The terror attacks in Paris have stimulated a shift in politics on issues of security, immigration and terrorism and have forced CBS to change the format of Saturday night’s Democratic debate to include questions about Friday’s shootings in the French capital that saw 129 people killed and over 350 injured.

“It is the right time to ask all the related questions that come to mind,” said Steve Capus, executive editor of CBS News, according to a New York Times report. “We think we have a game plan to address a lot of the substantive and important topics.”

According to Capus, the TV station was in the middle of a rehearsal for the debate when news broke about the attacks in Paris.
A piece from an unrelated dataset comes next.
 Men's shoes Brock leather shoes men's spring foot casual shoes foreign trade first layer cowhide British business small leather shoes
Capus said it was important for the debate to go on because the world looks to the American president for leadership during international crises.
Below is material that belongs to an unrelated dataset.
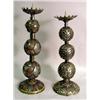 Image 1 : TWO SILVER-DECORATED STONE PRICKET STICKS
While some GOP candidates were criticized for politicizing the attacks as they were happening and in the immediate aftermath, most of the overall field offered somber reactions.
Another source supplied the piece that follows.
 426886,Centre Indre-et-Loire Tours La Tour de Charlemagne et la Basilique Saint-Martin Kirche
Democratic front-runner Hillary Clinton said that her thoughts were with those in Paris, while her rivals Bernie Sanders and Martin O’Malley also offered near identical responses.

The Republicans candidates offered similar responses, but many included language that said the U.S. would stand with France against the perpetrators and those that are working with them. Donald Trump offered a barrage of tweets aimed at U.S. President Obama and overall White House leadership, while Ted Cruz, Marco Rubio and Jeb Bush took direct aim at the Islamic State group. Former Arkansas Gov. Mike Huckabee used the attacks in Paris to call for a closure of the U.S. border, to build a strong coalition to destroy ISIS and to revoke the Iran nuclear deal, he noted in an email Saturday.

While the presidential candidates did not bring the controversial topic of gun control into light, Newt Gingrich, former Speaker of the House and 2012 presidential candidate said that the people in the Bataclan theater would have survived if they’d had weapons.